Tuesday, May 22, 2012

[Best of Year One] Anything Once: Urban Camping Or “The night I became a gamer”

[originally posted: THURSDAY, JULY 28, 2011]

Lobsters, what are your deal breakers when it comes to finding a potential mate? Girls that are taller than you? Back hair? Having a last name for a first name? Here are another blogger's thoughts on that topic.

For me, it was “gamers,” as in guys who play video games. I was never allowed to play any growing up and cultivated a very strong disrespect for anyone who indulged in this pastime. It seemed a sign of laziness, violence, ADHD, etc. This cartoon might capture my sentiments:

cartoon borrowed from here 
As my husband and I returned from our perfect honeymoon, after our perfect wedding, I settled into my perfect marriage. I anticipated some challenges in having to live with a boy for the first time – strange smells, junk food, rowdier music.
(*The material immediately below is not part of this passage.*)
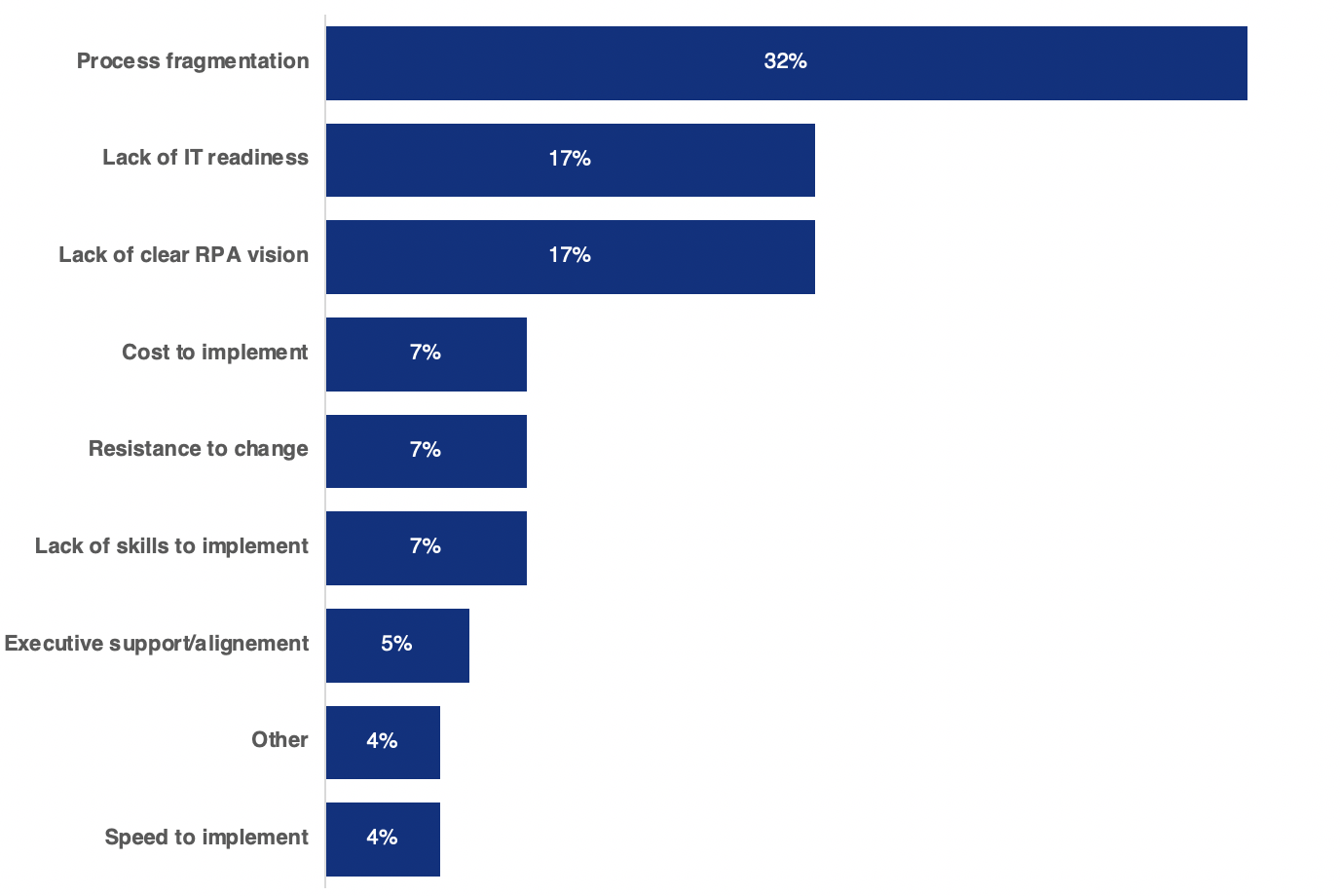 Biggest Barriers to Scaling RPA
What I got instead was a video game console being set up and used for hours every day. Somehow, I had accidentally married a gamer.

It was a great shock to my system. For months, I tried to understand the draw of these games he was into, and I just couldn’t get into it. All the while, I heard a great deal of talk about the Nintendo Wii console coming out. After months of anticipation, the day came near. I learned that he was SO excited, but he didn't expect he would be able to get his hands on one for months after it came out. I figured the longer the delay, the better.

The night before the release, we made an evening run to Target, cause it's my favorite store so I go there whenever I can find an excuse. While I was walking the isles towards the item I needed, I saw the look in his eyes as we passed by the Wii display. Intrigue, excitement, longing, sadness. I couldn’t keep him from it. I just couldn’t. I turned to him and with resoluteness announced my plan:

“We’re paying for this item, we’re walking out of this store, and you’re getting in that line [that had already been forming for a couple of hours]. I am going to go home to get some chairs, blankets, food, and entertainment, and I’m coming back. You’re going to wait in that line, and I’m gonna be right there with you.”

The shock and disbelief and joy I got in reaction was worth a much greater sacrifice. I knew there was no going back, and I also knew I would do this one hundred times over. I think there has never been a greater act I have done for our marriage before or since that night.

And I did it. I camped outside of a Bay Area target, right by the freeway, all through the night until those doors opened at 8am. We hung out with the other game-boys, shared some of our snacks [most of them did not have wives bringing them food and hot chocolate]. I curled up for a snooze or two in the car, I drove the car in circles around the parking lot trying desperately to get warm [it was frickin’ freezing that night!].

And after an act of dedication like that, how could I not feel like I had been initiated into this new culture? Of course plenty of those guys were insanely nerdy, but they were also really nice and some were even pretty cool and down to earth. And if I was going to freeze my toes off for that game console, I was going to find a way to like it. Even if my devotion preceded my positive opinion, I had indeed been converted. I would even call myself a "gamer-advocate" today . . . but more on that in another post.

Anyone else camp out for anything you [or a loved one] cared a lot about? Anyone shocked that I did? When have you shown a tremendous act of devotion to a thing or person? So tremendous that it is even a bit embarrassing and it takes you about 6 years to confess that act publicly?